Tuesday, January 9, 2007

Gutters

Did I mention how much gutters are growing on me? It all started because at the new school I will be teaching at in Coney Island on the Kingsborough College Campus, the only figment of design or ornament for the poor oversized trailor of a building (on the ocean!) is the diagonal gutters that bisect the exterior grey planes. But now, looking back at photos of old homes of mine, even (especially) prefab(ulous) houses use the gutter as a design element, and I dig it. It is cool to wrap your house in a big bendy straw. With all the ayurveda up my nose these days, it makes me think of all sorts of new age metaphors for the house or building secreting toxins (ama).
Seriously.
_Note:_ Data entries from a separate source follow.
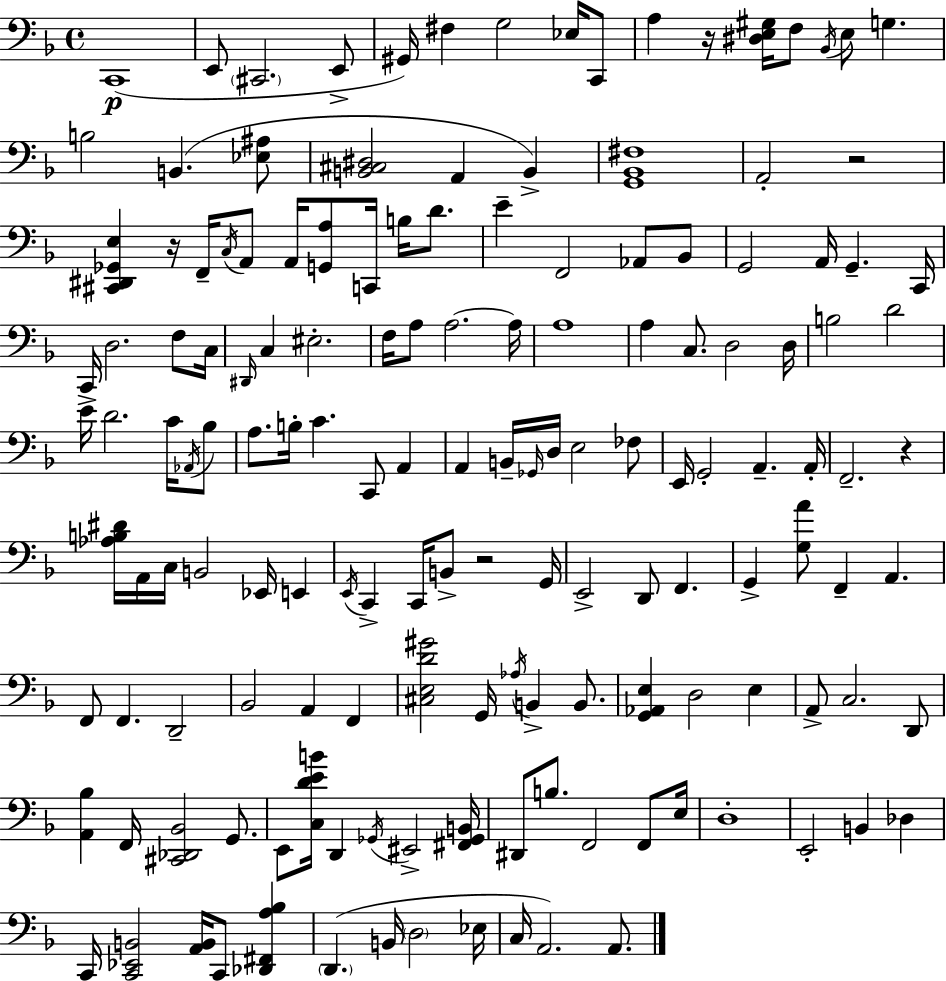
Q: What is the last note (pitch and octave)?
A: A2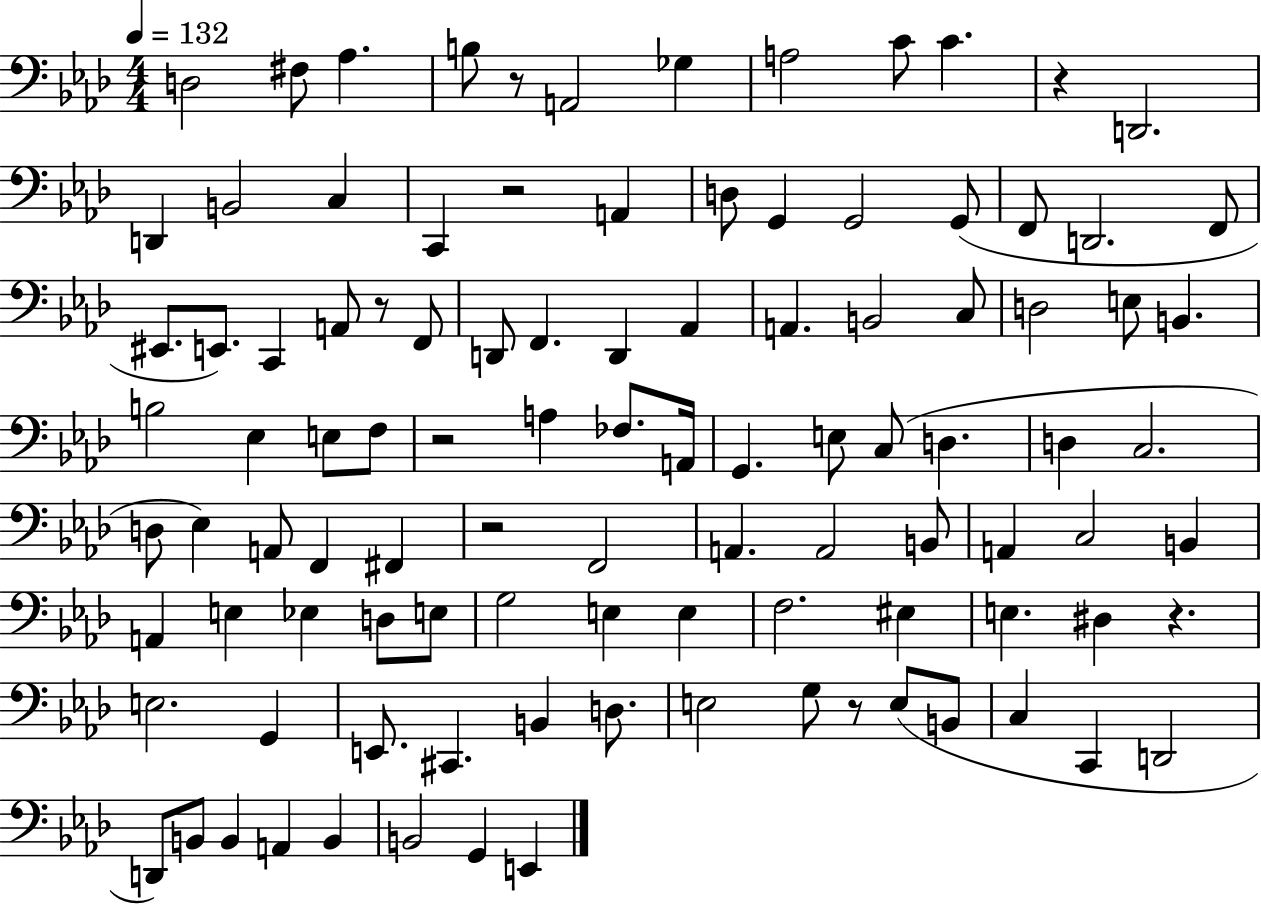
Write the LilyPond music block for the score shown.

{
  \clef bass
  \numericTimeSignature
  \time 4/4
  \key aes \major
  \tempo 4 = 132
  \repeat volta 2 { d2 fis8 aes4. | b8 r8 a,2 ges4 | a2 c'8 c'4. | r4 d,2. | \break d,4 b,2 c4 | c,4 r2 a,4 | d8 g,4 g,2 g,8( | f,8 d,2. f,8 | \break eis,8. e,8.) c,4 a,8 r8 f,8 | d,8 f,4. d,4 aes,4 | a,4. b,2 c8 | d2 e8 b,4. | \break b2 ees4 e8 f8 | r2 a4 fes8. a,16 | g,4. e8 c8( d4. | d4 c2. | \break d8 ees4) a,8 f,4 fis,4 | r2 f,2 | a,4. a,2 b,8 | a,4 c2 b,4 | \break a,4 e4 ees4 d8 e8 | g2 e4 e4 | f2. eis4 | e4. dis4 r4. | \break e2. g,4 | e,8. cis,4. b,4 d8. | e2 g8 r8 e8( b,8 | c4 c,4 d,2 | \break d,8) b,8 b,4 a,4 b,4 | b,2 g,4 e,4 | } \bar "|."
}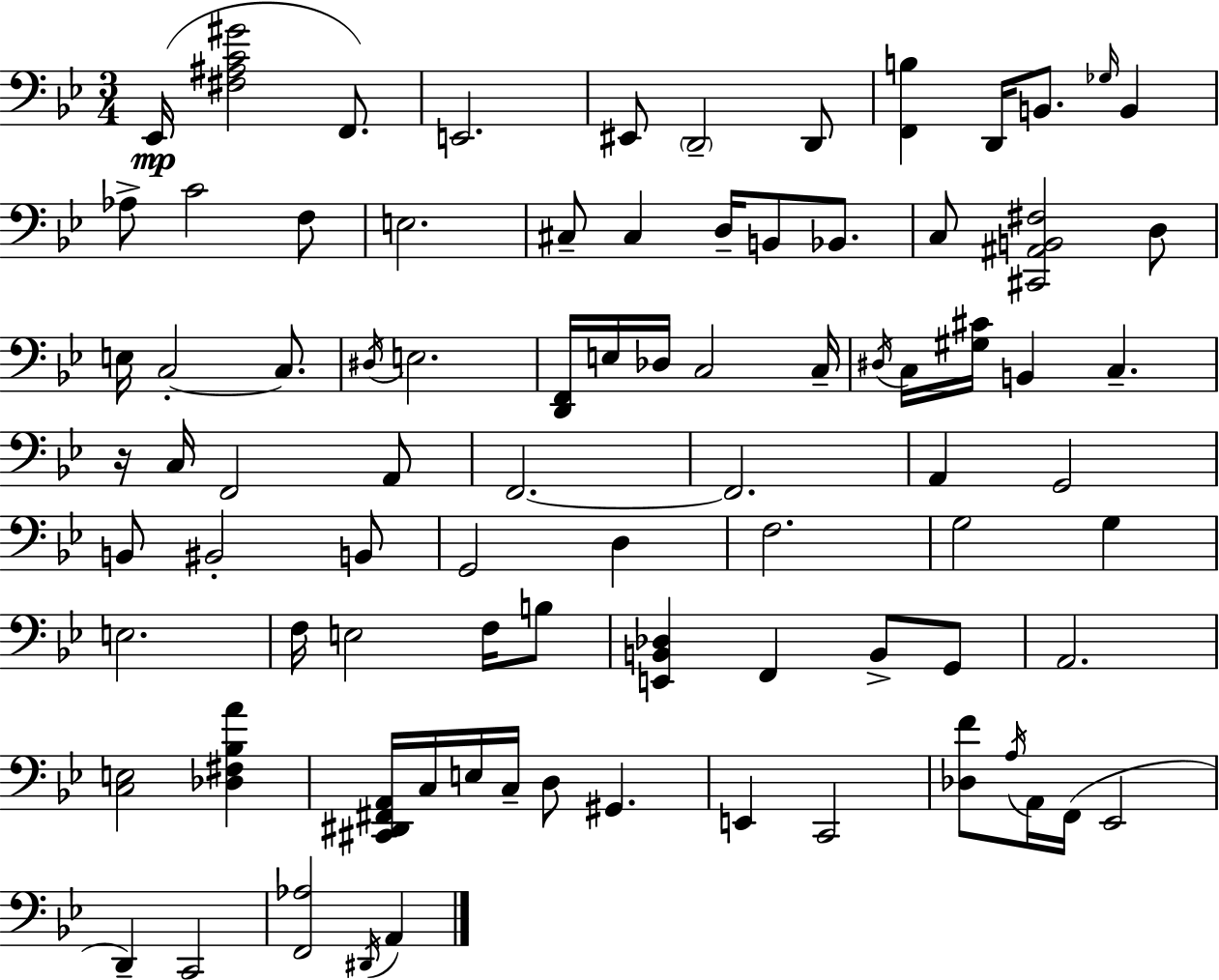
Eb2/s [F#3,A#3,C4,G#4]/h F2/e. E2/h. EIS2/e D2/h D2/e [F2,B3]/q D2/s B2/e. Gb3/s B2/q Ab3/e C4/h F3/e E3/h. C#3/e C#3/q D3/s B2/e Bb2/e. C3/e [C#2,A#2,B2,F#3]/h D3/e E3/s C3/h C3/e. D#3/s E3/h. [D2,F2]/s E3/s Db3/s C3/h C3/s D#3/s C3/s [G#3,C#4]/s B2/q C3/q. R/s C3/s F2/h A2/e F2/h. F2/h. A2/q G2/h B2/e BIS2/h B2/e G2/h D3/q F3/h. G3/h G3/q E3/h. F3/s E3/h F3/s B3/e [E2,B2,Db3]/q F2/q B2/e G2/e A2/h. [C3,E3]/h [Db3,F#3,Bb3,A4]/q [C#2,D#2,F#2,A2]/s C3/s E3/s C3/s D3/e G#2/q. E2/q C2/h [Db3,F4]/e A3/s A2/s F2/s Eb2/h D2/q C2/h [F2,Ab3]/h D#2/s A2/q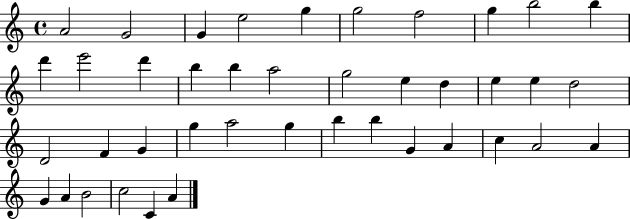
A4/h G4/h G4/q E5/h G5/q G5/h F5/h G5/q B5/h B5/q D6/q E6/h D6/q B5/q B5/q A5/h G5/h E5/q D5/q E5/q E5/q D5/h D4/h F4/q G4/q G5/q A5/h G5/q B5/q B5/q G4/q A4/q C5/q A4/h A4/q G4/q A4/q B4/h C5/h C4/q A4/q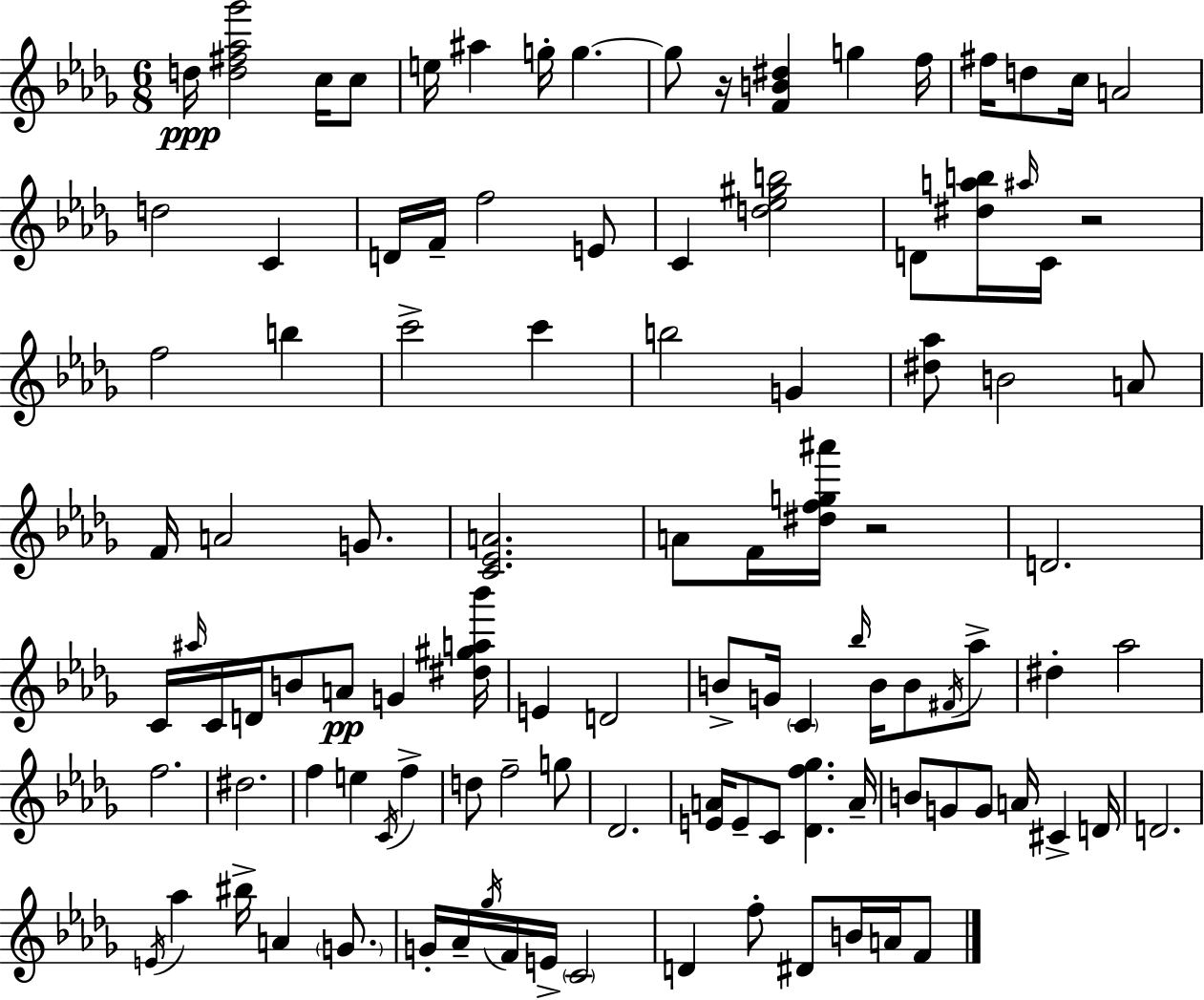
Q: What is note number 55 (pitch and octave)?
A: Ab5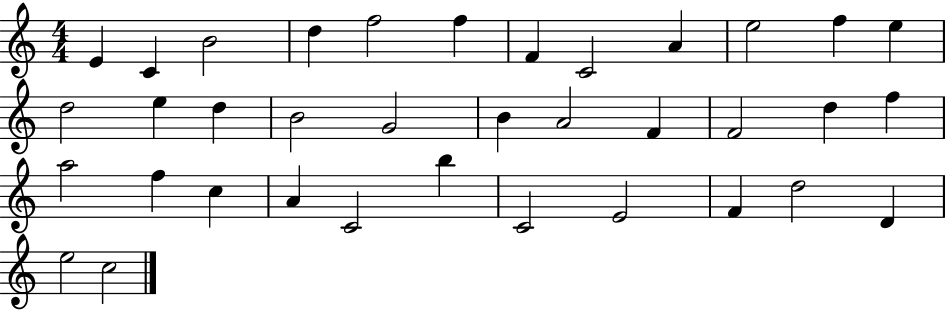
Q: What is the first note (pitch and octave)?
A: E4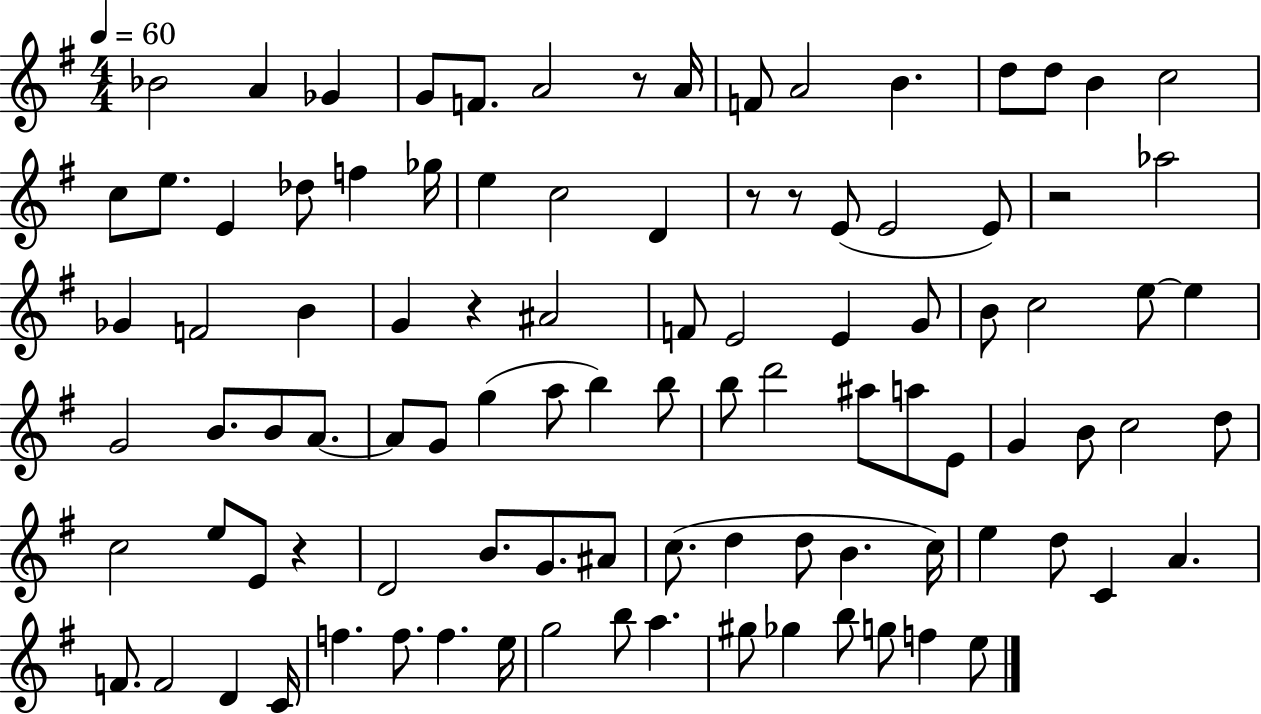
Bb4/h A4/q Gb4/q G4/e F4/e. A4/h R/e A4/s F4/e A4/h B4/q. D5/e D5/e B4/q C5/h C5/e E5/e. E4/q Db5/e F5/q Gb5/s E5/q C5/h D4/q R/e R/e E4/e E4/h E4/e R/h Ab5/h Gb4/q F4/h B4/q G4/q R/q A#4/h F4/e E4/h E4/q G4/e B4/e C5/h E5/e E5/q G4/h B4/e. B4/e A4/e. A4/e G4/e G5/q A5/e B5/q B5/e B5/e D6/h A#5/e A5/e E4/e G4/q B4/e C5/h D5/e C5/h E5/e E4/e R/q D4/h B4/e. G4/e. A#4/e C5/e. D5/q D5/e B4/q. C5/s E5/q D5/e C4/q A4/q. F4/e. F4/h D4/q C4/s F5/q. F5/e. F5/q. E5/s G5/h B5/e A5/q. G#5/e Gb5/q B5/e G5/e F5/q E5/e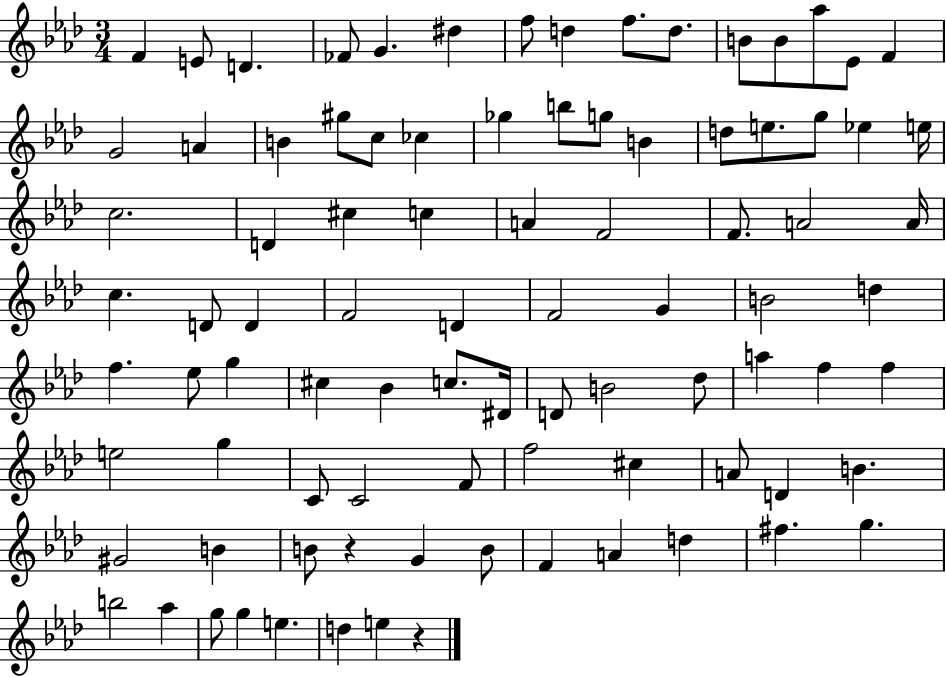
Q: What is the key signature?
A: AES major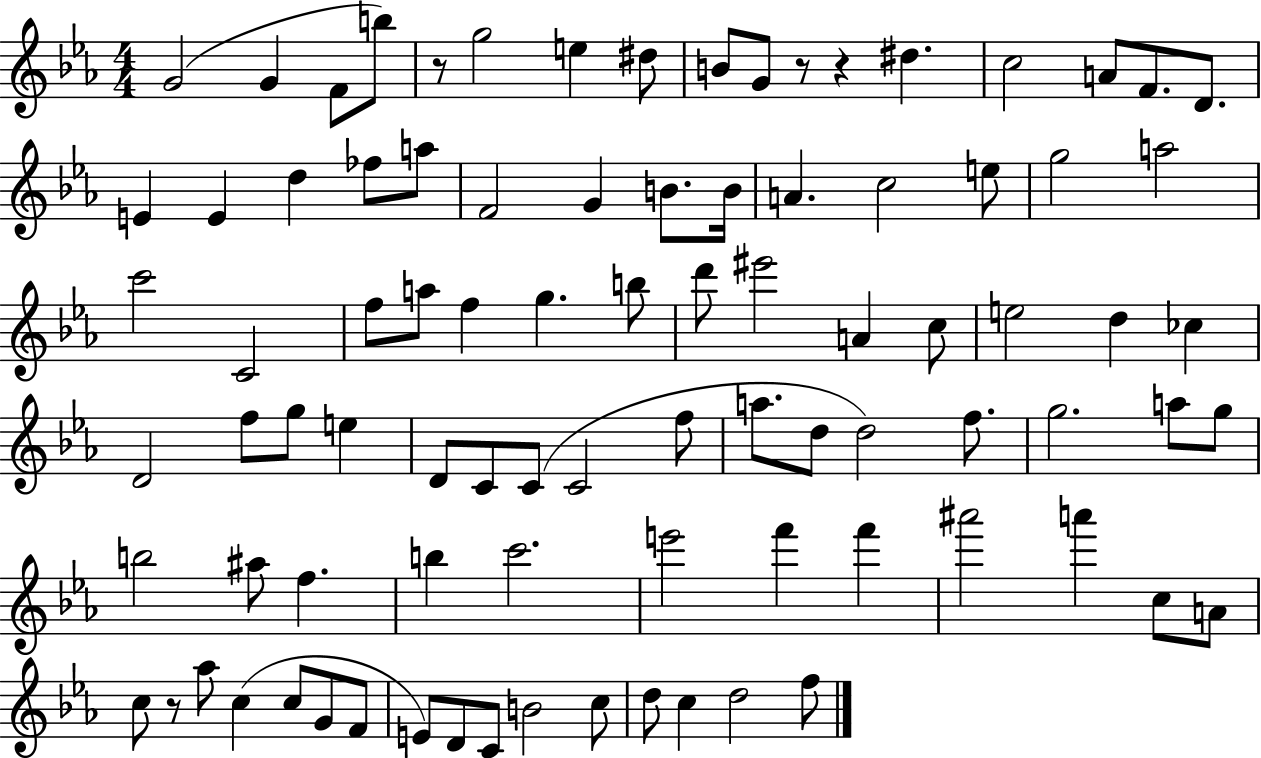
G4/h G4/q F4/e B5/e R/e G5/h E5/q D#5/e B4/e G4/e R/e R/q D#5/q. C5/h A4/e F4/e. D4/e. E4/q E4/q D5/q FES5/e A5/e F4/h G4/q B4/e. B4/s A4/q. C5/h E5/e G5/h A5/h C6/h C4/h F5/e A5/e F5/q G5/q. B5/e D6/e EIS6/h A4/q C5/e E5/h D5/q CES5/q D4/h F5/e G5/e E5/q D4/e C4/e C4/e C4/h F5/e A5/e. D5/e D5/h F5/e. G5/h. A5/e G5/e B5/h A#5/e F5/q. B5/q C6/h. E6/h F6/q F6/q A#6/h A6/q C5/e A4/e C5/e R/e Ab5/e C5/q C5/e G4/e F4/e E4/e D4/e C4/e B4/h C5/e D5/e C5/q D5/h F5/e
The gutter is a great term for so many situations:
  1. A channel at the edge of a street or road for carrying off surface water.
  2. A trough fixed under or along the eaves for draining rainwater from a roof. Also called regionally eaves spout, eaves trough, rainspout, spouting.
  3. A furrow or groove formed by running water.
  4. A trough or channel for carrying something off, such as that on either side of a bowling alley.
  5. Printing The white space formed by the inner margins of two facing pages, as of a book.
  6. A degraded and squalid class or state of human existence.
  7. (of a candle) to lose molten wax accumulated in a hollow space around the wick.
    10.(of a lamp or candle flame) to burn low or to be blown so as to be nearly extinguished.

So yesterday, before I went to the Vaidya for the first time, I went to the dentist. I was alarmed when I discovered that the first dentist was from India, a Hindu vaidya! How deeply interwoven my life has become with this ancient mystical medicine.